“I don't know the numbers”: a math puzzle

[Arainach]

This isn't quite right. This does find the solution when the problem is well-formed, but it doesn't prove that the solution is valid:

        if round == 15:
            for product in products:
                if len(products[product]) == 1:
                    print('Peter: I do know the numbers')
                    print(products[product][0])
                    return

This should not return - it should continue iterating. If the problem (and the code) is correct, then it should only find one answer - but unless you exhaustively search and find exactly one answer you don't know that it's correct.

Incidentally, I was also a bit surprised by

    candidate_pairs = set()
    for i in range(1, N):
        for j in range(1, N):
            if (i, j) not in candidate_pairs and (j, i) not in candidate_pairs:
                candidate_pairs.add((i, j))

That first (i, j) check can never return false and should be omitted, right?

[Someone]

The ‘normal’ way to write something like that (I hope I got the range ends right) is

  for i in range(1, N):
    for j in range(1, j + 1):
      candidate_pairs.add((i, j))

Also, conceptually, you don’t have tuples, but multisets. If you were to use those, you wouldn’t need that if at all.

Multiset isn’t built-in to python, so you’d need to use an external package. Alternatively, write a class for storing pairs of ints i, j that enforces i ≤ j.

[drexlspivey]

Python actually has built in support for multisets, you use a set of frozensets

>>> a = set( (frozenset((1,2)), frozenset((3,4)) ) )

>>> frozenset((2,1)) in a

True

[Someone]

That’s not a multiset, it’s a set containing tuples. A multiset (https://en.wikipedia.org/wiki/Multiset) allows you to add identical items multiple times.

You would use that to, for example, store the knowledge that 6 can be written as 3+3, by using a multiset {3,3} instead of a tuple (3,3)

[otras]

That's a good point! The `15` check relies on 1) knowing it will stop after 15 rounds as written in the problem (though I explore that later) and 2) assuming that there must be a single answer after 15 rounds (which I also explore later).

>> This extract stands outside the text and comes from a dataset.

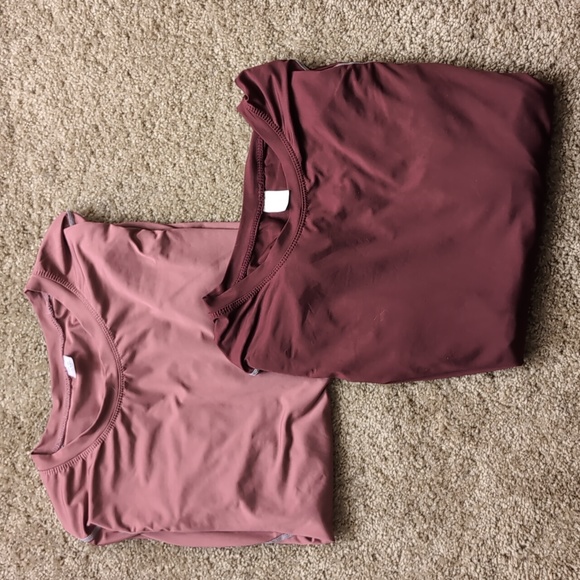 2 Pack Compression Shirts - Picture 2 of 2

And that's true, the `(i, j)` check is spurious - I blame it on it being throwaway blog post code :)

[Jtsummers]

Regarding the second snippet, yeah, that (i,j) test will always be true. And if the inner loop is changed from `range(1, N)` to `range(i, N`) then it will be totally unnecessary anyways to have the conditional. With that change every pair would be generated exactly once.